[Opening Task input section]

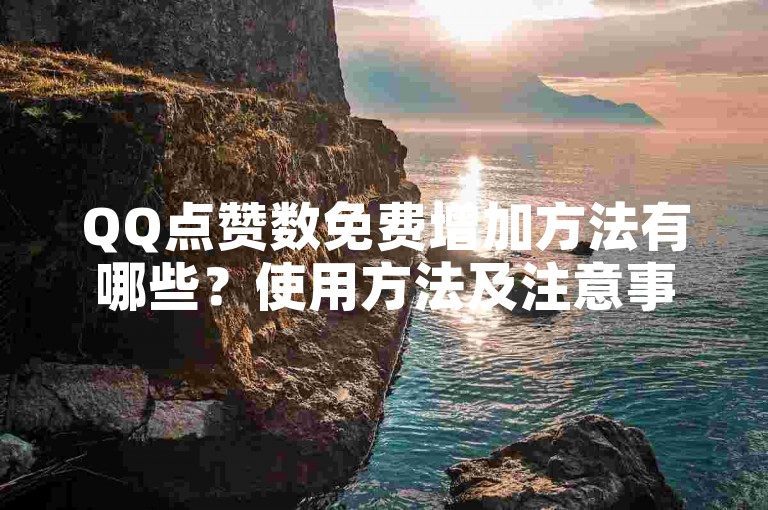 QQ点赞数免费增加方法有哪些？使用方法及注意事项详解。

[Closing Task input section]
[Opening Task input section]

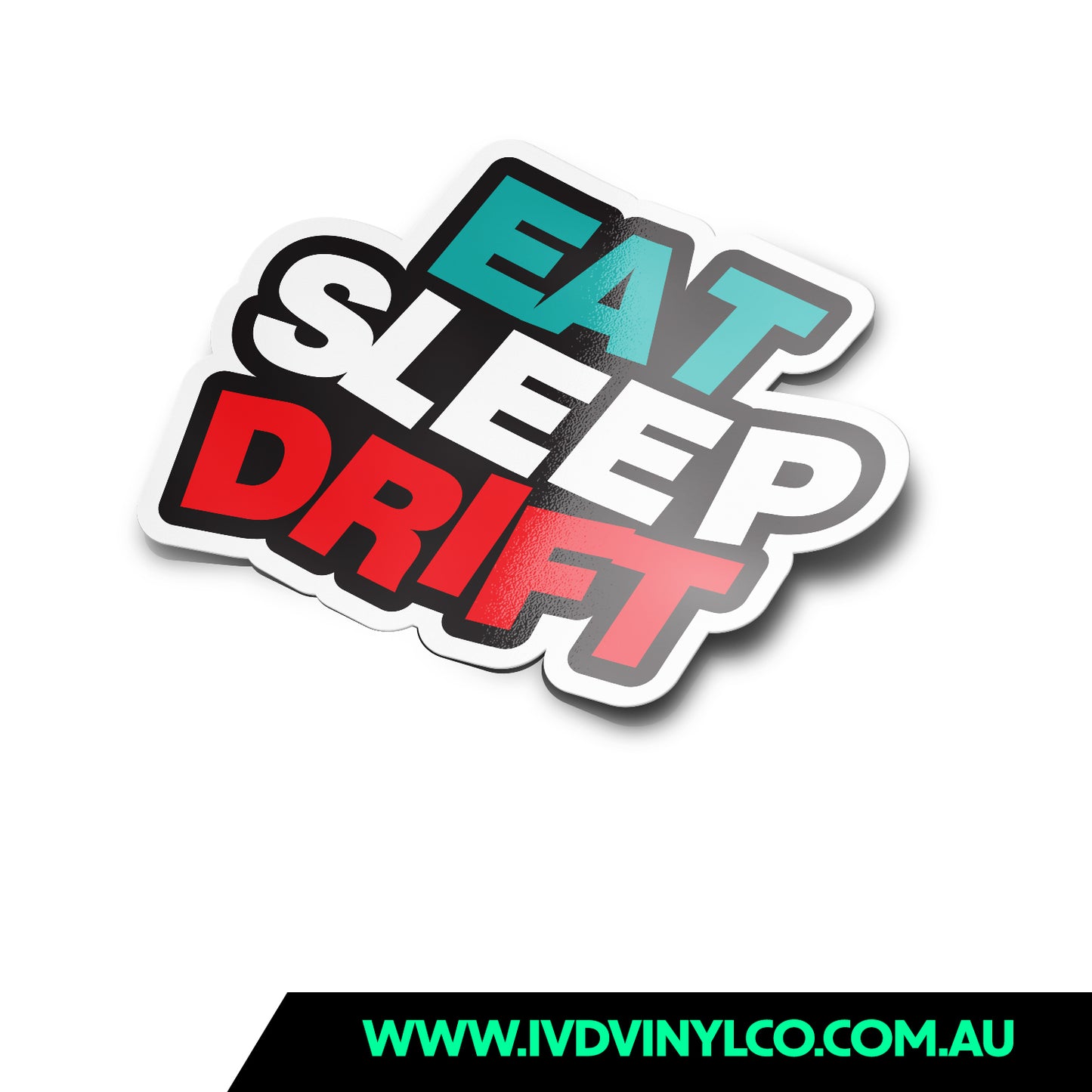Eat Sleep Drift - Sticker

[Closing Task input section]
[Opening Task input section]

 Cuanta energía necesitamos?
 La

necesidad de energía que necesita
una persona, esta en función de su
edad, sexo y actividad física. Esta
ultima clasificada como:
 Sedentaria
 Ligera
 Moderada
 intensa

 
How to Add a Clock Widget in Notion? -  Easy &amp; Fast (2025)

[Closing Task input section]

**Problem statement:** Scan the listing and report each line where the word "energía" shows up.

**Solution to this exercise:**
 Cuanta energía necesitamos?
necesidad de energía que necesita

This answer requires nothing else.